- Episode no.: Season 6 Episode 16
- Directed by: Pamela Fryman
- Written by: Tami Sagher
- Production code: 6ALH16
- Original air date: February 14, 2011

Guest appearances
- Jennifer Morrison as Zoey Pierson; Suzie Plakson as Judy Eriksen; Bill Fagerbakke as Marvin Eriksen Sr.; Nazanin Boniadi as Nora;

Episode chronology
| ← Previous "Oh Honey" | Next → "Garbage Island" |
- How I Met Your Mother season 6

= Desperation Day =

"Desperation Day" is the 16th episode of the sixth season of the CBS sitcom How I Met Your Mother and the 128th episode overall. It aired on February 14, 2011. As the story approaches Desperation Day (the eve of Valentine's Day), new tensions and bonds form between the characters.

==Plot==

Lily mentions how lonely she is with Marshall still living with his mother Judy in Minnesota, especially as Valentine's Day is nearing; the couple has an odd tradition of watching Predator every year on Valentine's after Marshall's brothers accidentally taped over a romantic film they rented in college. After admitting having used a stuffed pillow as a stand-in to Marshall (which she has nicknamed Marshpillow), Lily finally heads to Marshall's home to convince him to return. Marshall, who has essentially reverted to his teenage self, playing his old video games and not even realizing how much Lily misses him, does not wish to leave so soon, but it becomes clear Judy has become annoyed with his presence, though not admitting it to Marshall.

After confessing their feelings for each other, Ted and Zoey are happily dating though they agree to take things slow. Zoey invites Ted to help bake cookies one night; when Ted describes this is as odd to the rest of the gang, they tell him "baking cookies" is essentially code for staying over for the night. Ted arrives at Zoey's apartment with an overnight bag, but she sends him home, saying he was being presumptuous. The day before Valentine's Day, Zoey apologizes and tells Ted she is ready to get serious. However, Ted feels there is added pressure, as Zoey has just separated from her husband, and begins feeling anxious.
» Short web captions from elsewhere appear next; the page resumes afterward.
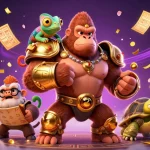 Experience gaming excitement with rokok88 slot login featuring lively characters and vibrant casino elements.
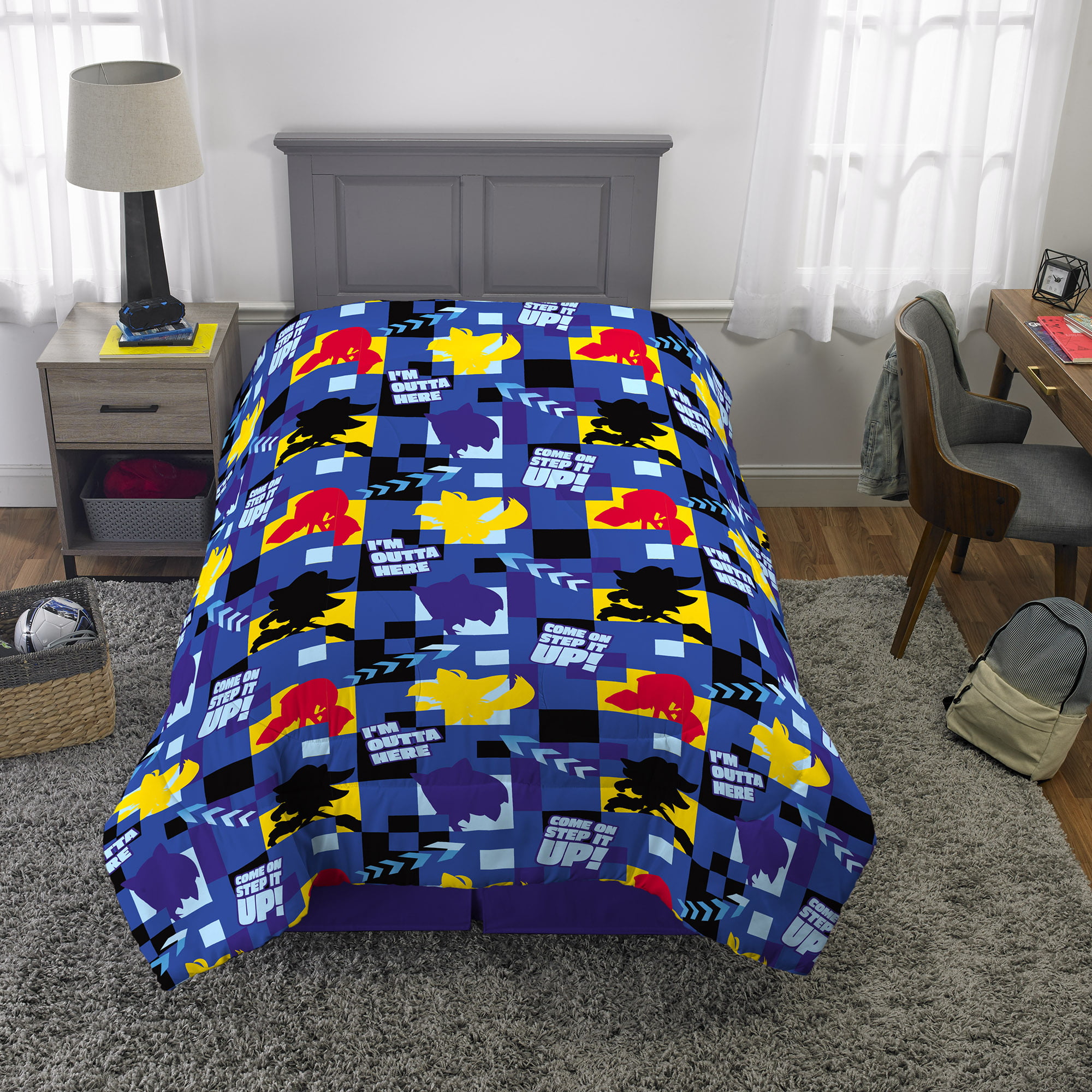 Sonic The Hedgehog Bed In A Bag Kids Bedding Bundle Set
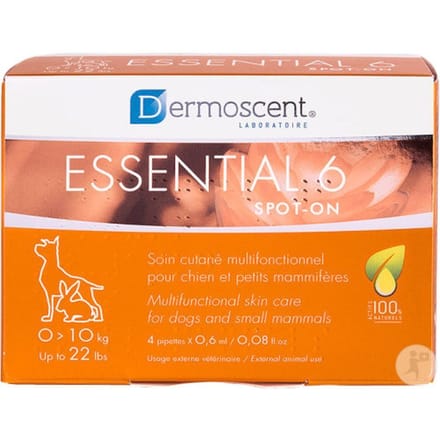 Dermoscent Spot-On Hond 1-10Kg Pipet 0,6Ml 4 Unidosis-pipetten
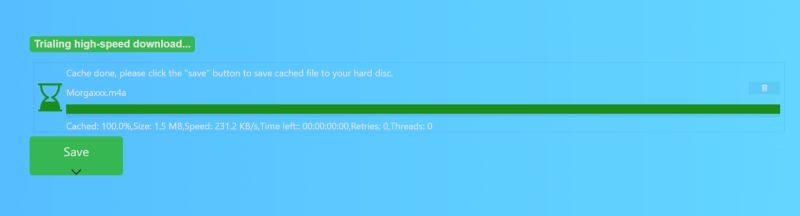 press Save | Download Music from Pandora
He soon joins Marshall, claiming to help Marshall deal with his loss though in reality trying to avoid the pressure of committing to a relationship with Zoey.

Lily finally announces that she is heading back home to New York, leaving Marshall saddened. Marshall reveals to Ted the real reason he has stayed in Minnesota is because he feels lost without his dad and does not wish to return to his life. The two agree to drive back home that night, as flights have been cancelled due to a storm. During the drive, Marshall has trouble seeing the road ahead when the image of his late father appears in his back seat, giving him advice on how he drove in such conditions. Encouraged by his father's words, Marshall makes it back to New York. Lily is later thrilled when Marshall comes home, and the two watch Predator together. Meanwhile, Zoey greets Ted at his apartment and shows him her own overnight bag. Ted jokingly calls her presumptuous, and the two kiss, thus ending their anxieties about commitment.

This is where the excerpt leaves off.